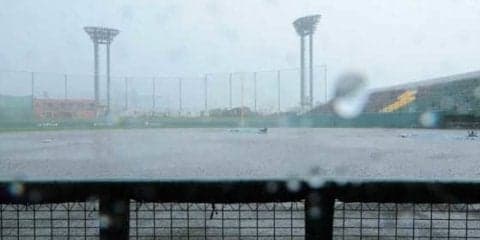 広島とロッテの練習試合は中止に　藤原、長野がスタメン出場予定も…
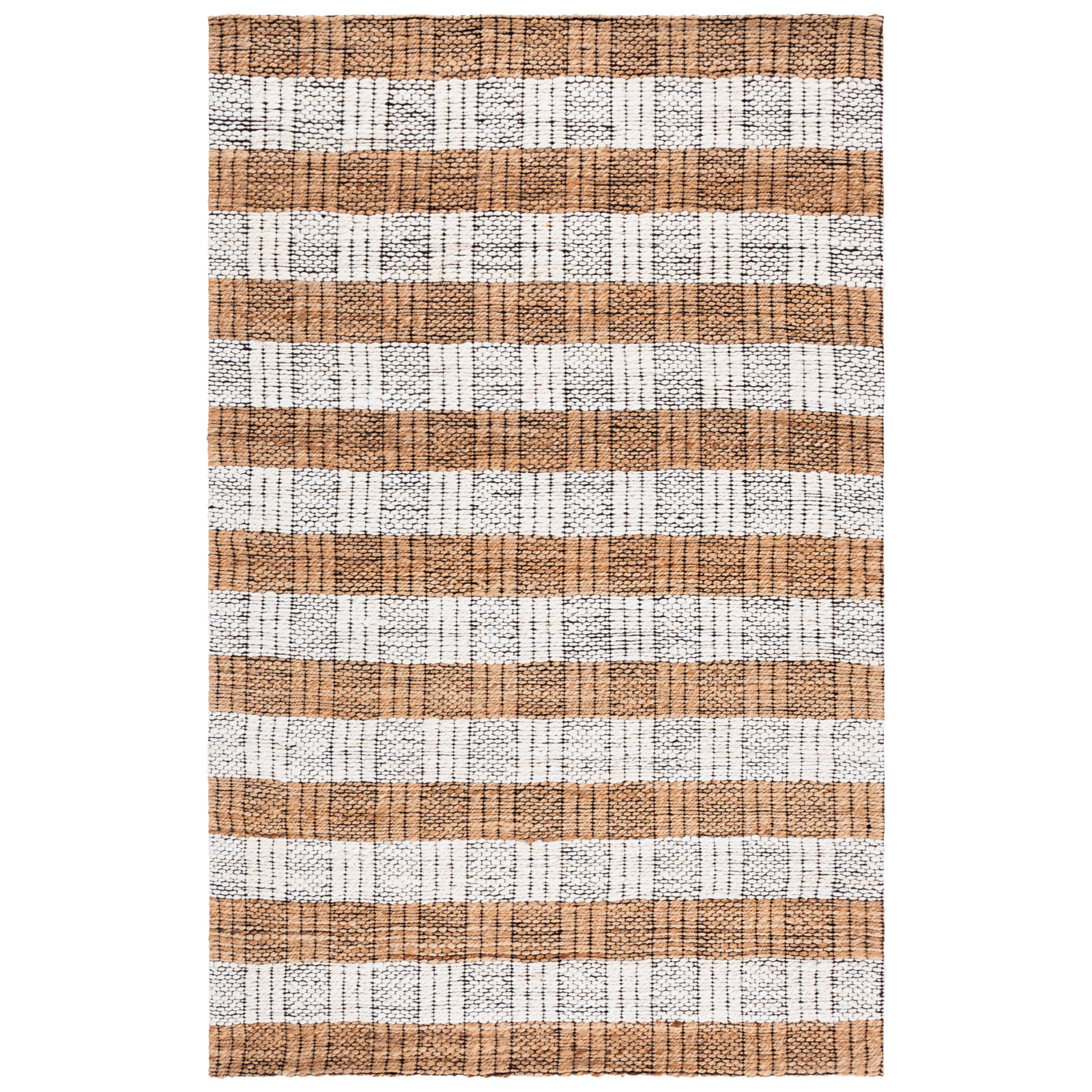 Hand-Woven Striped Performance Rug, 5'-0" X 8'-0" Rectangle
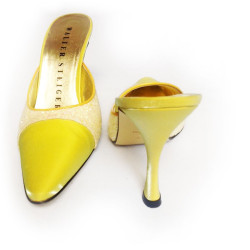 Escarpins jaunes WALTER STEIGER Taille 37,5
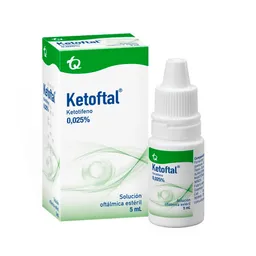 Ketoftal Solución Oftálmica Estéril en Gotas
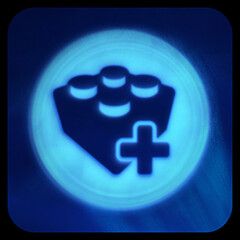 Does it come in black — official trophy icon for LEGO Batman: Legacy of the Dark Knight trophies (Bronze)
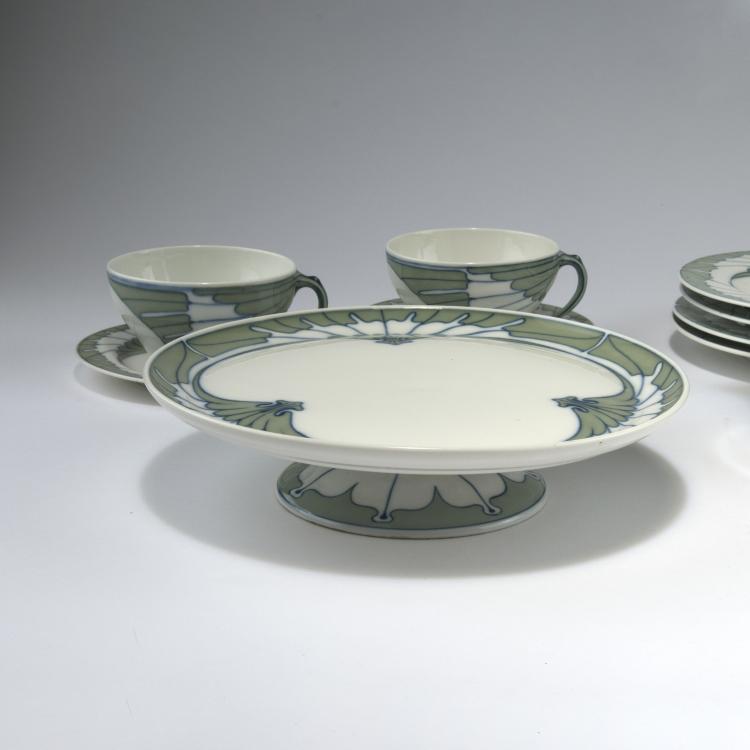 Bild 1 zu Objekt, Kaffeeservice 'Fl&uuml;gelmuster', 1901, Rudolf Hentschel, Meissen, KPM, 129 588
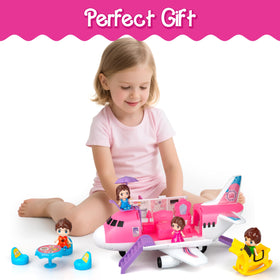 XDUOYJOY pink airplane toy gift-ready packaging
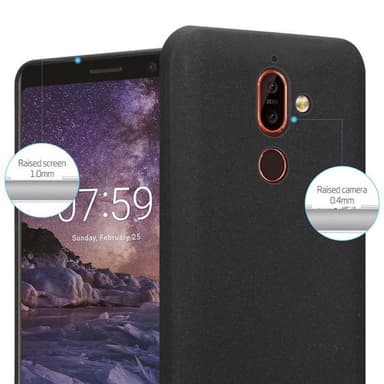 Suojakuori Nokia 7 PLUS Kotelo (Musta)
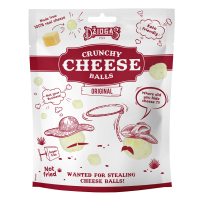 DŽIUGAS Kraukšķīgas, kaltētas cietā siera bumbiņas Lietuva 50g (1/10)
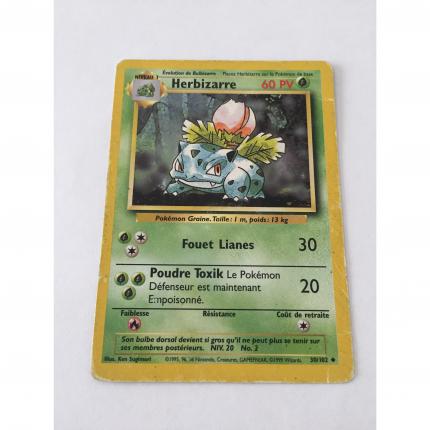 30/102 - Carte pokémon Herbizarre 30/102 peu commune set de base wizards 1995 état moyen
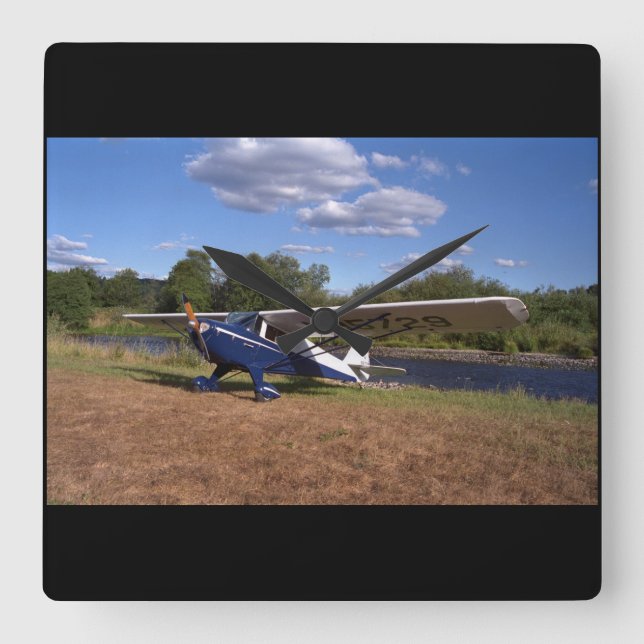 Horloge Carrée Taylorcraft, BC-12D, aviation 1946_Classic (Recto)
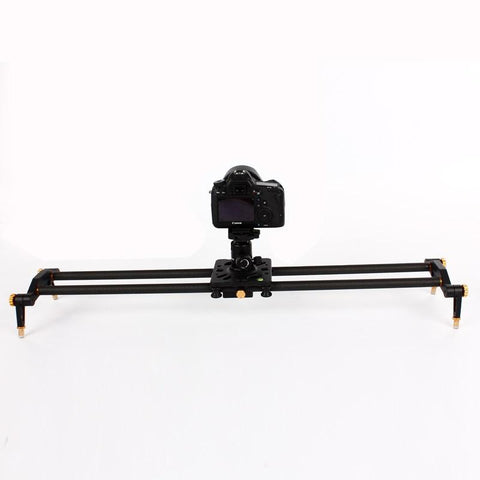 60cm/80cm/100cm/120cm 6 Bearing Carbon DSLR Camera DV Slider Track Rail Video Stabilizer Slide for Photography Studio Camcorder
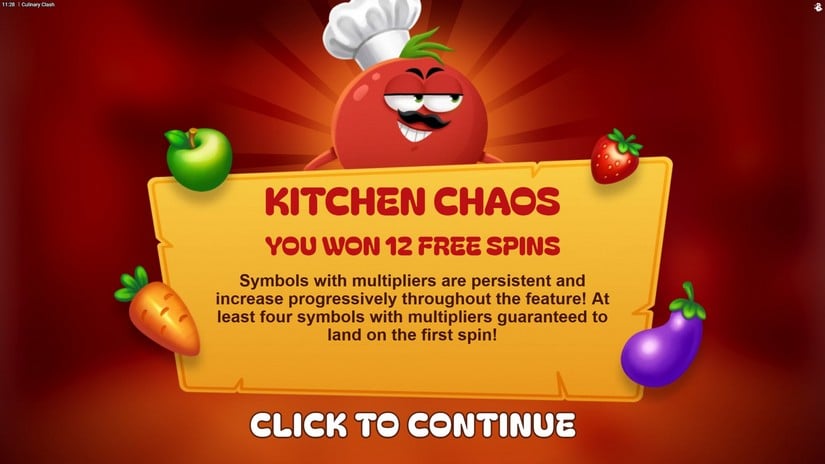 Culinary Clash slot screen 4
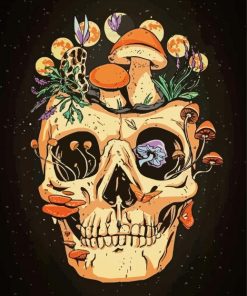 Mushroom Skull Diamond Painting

----

> _YOUR OBJECTIVE_: Pictures are to be left out; the answer must otherwise be exactly the lines from the one with "Suojakuori Nokia 7 PLUS Kotelo (Musta)" through the final line of the entries above, both included.

> _TASK ANSWER_:
 Suojakuori Nokia 7 PLUS Kotelo (Musta)
 DŽIUGAS Kraukšķīgas, kaltētas cietā siera bumbiņas Lietuva 50g (1/10)
 30/102 - Carte pokémon Herbizarre 30/102 peu commune set de base wizards 1995 état moyen
 Horloge Carrée Taylorcraft, BC-12D, aviation 1946_Classic (Recto)
 60cm/80cm/100cm/120cm 6 Bearing Carbon DSLR Camera DV Slider Track Rail Video Stabilizer Slide for Photography Studio Camcorder
 Culinary Clash slot screen 4
 Mushroom Skull Diamond Painting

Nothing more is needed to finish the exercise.